§ **ASSIGNMENT**:
Everything from the line with "Crillon, apto disponível" down to the line with "Astros outfielder visits" below must be printed exactly, those two lines included. Exclude pictures.

§ **RECORDS**:
================================
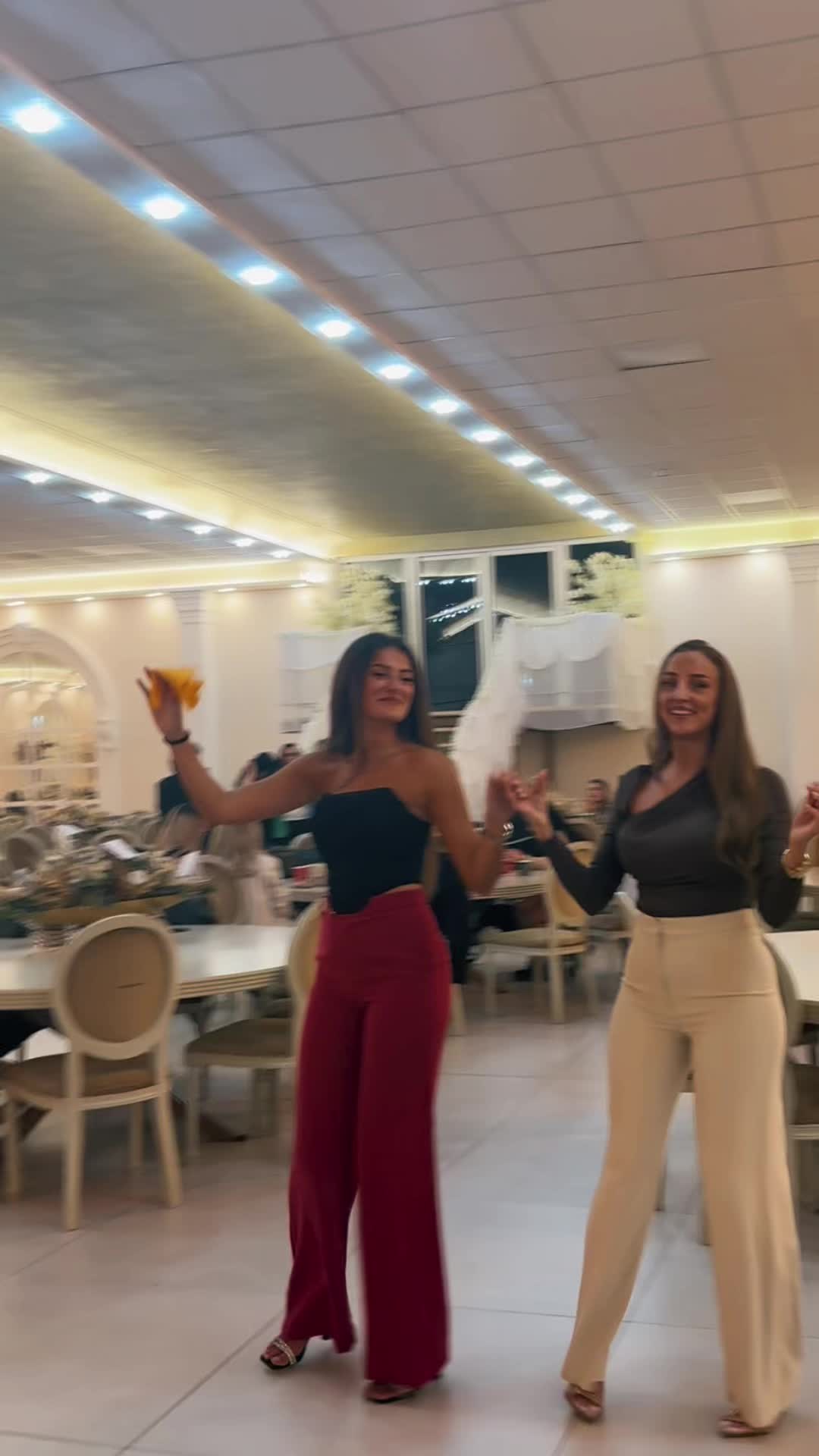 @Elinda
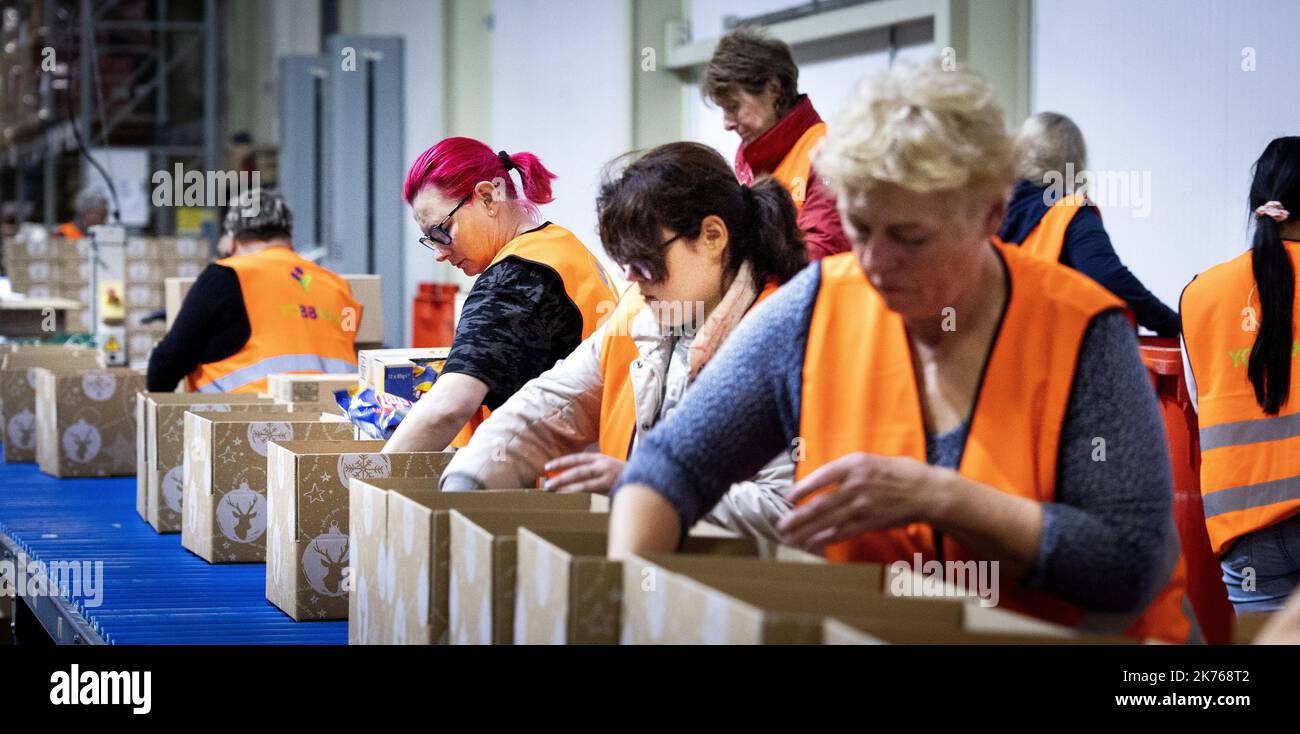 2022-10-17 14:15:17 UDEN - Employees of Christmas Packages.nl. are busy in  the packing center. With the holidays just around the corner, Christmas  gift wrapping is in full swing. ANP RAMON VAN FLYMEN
================================
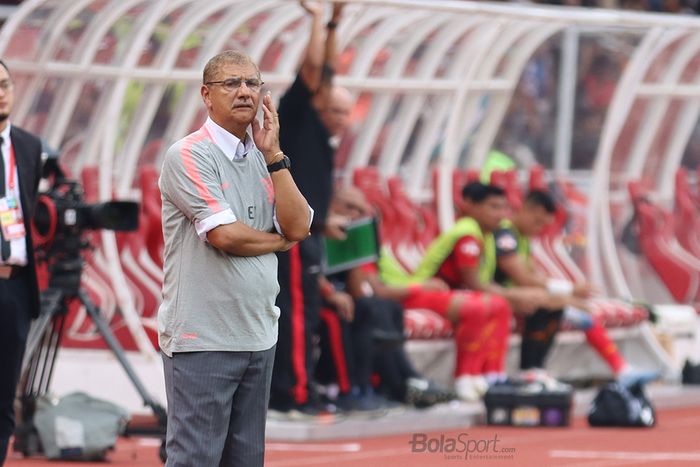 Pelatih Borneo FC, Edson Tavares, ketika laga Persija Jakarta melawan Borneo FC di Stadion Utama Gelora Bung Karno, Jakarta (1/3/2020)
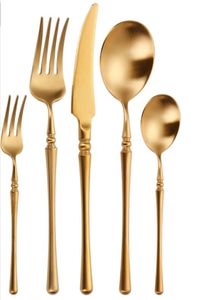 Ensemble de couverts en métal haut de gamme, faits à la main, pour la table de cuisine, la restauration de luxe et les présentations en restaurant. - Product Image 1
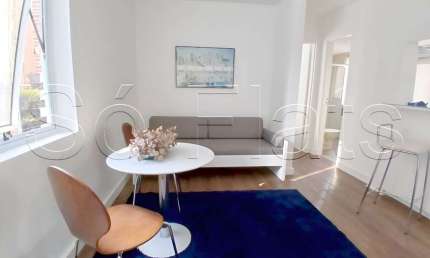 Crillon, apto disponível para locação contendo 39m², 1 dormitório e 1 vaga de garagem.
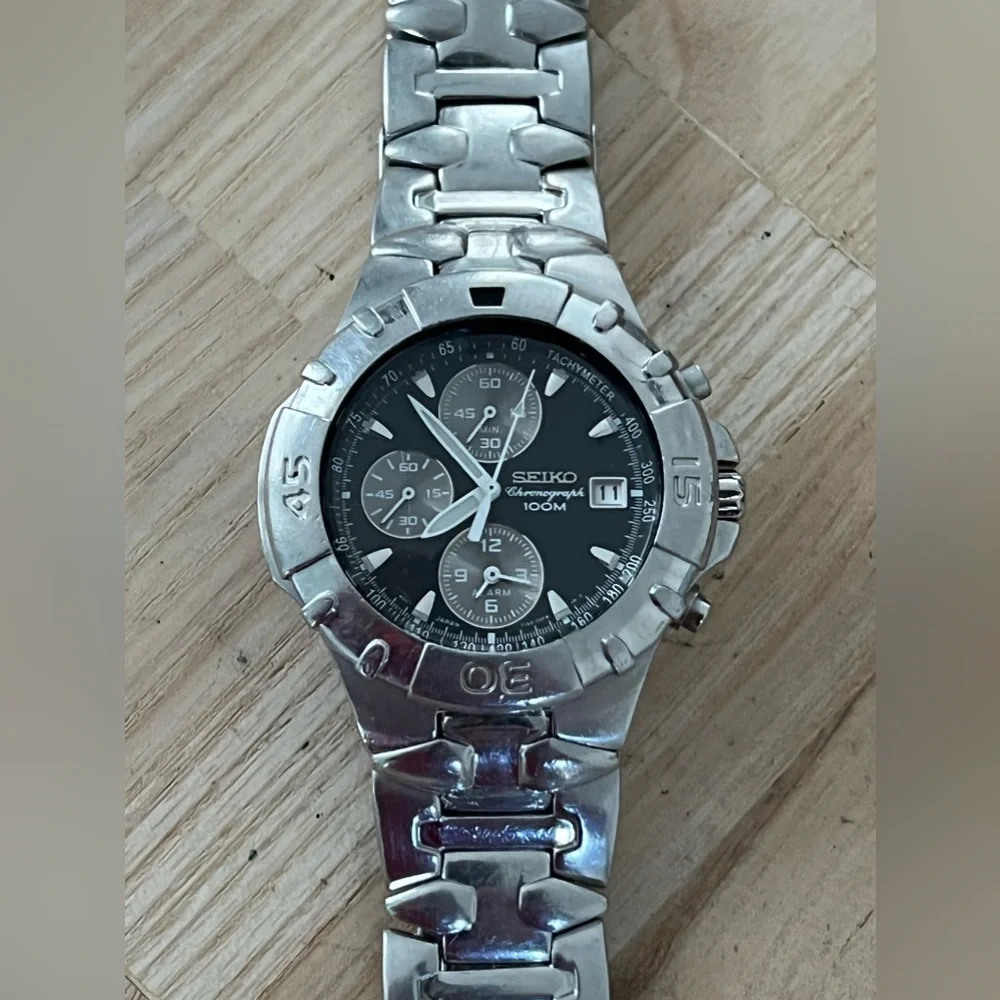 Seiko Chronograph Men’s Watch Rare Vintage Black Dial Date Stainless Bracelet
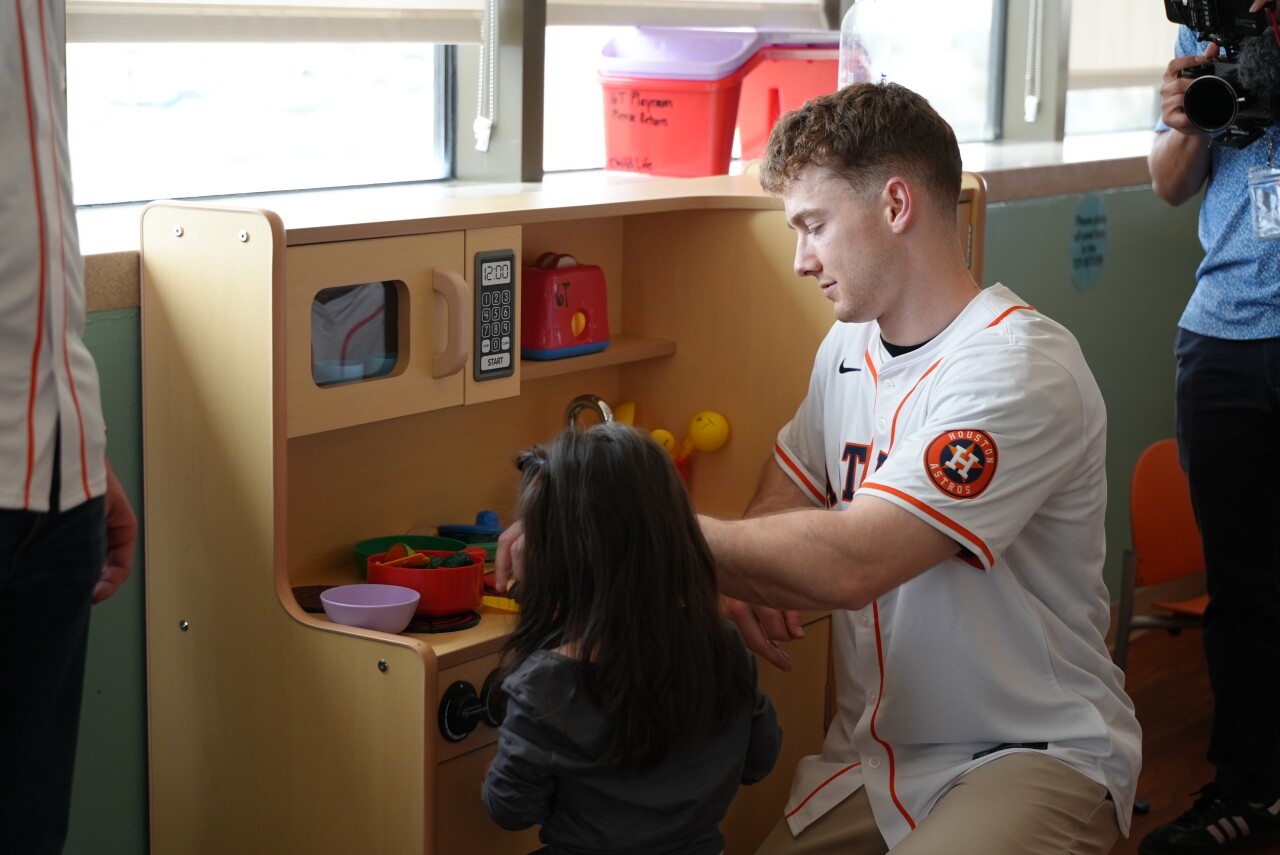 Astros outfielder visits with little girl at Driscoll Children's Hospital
================================
§ **ANSWER BOX**:
 Crillon, apto disponível para locação contendo 39m², 1 dormitório e 1 vaga de garagem.
 Seiko Chronograph Men’s Watch Rare Vintage Black Dial Date Stainless Bracelet
 Astros outfielder visits with little girl at Driscoll Children's Hospital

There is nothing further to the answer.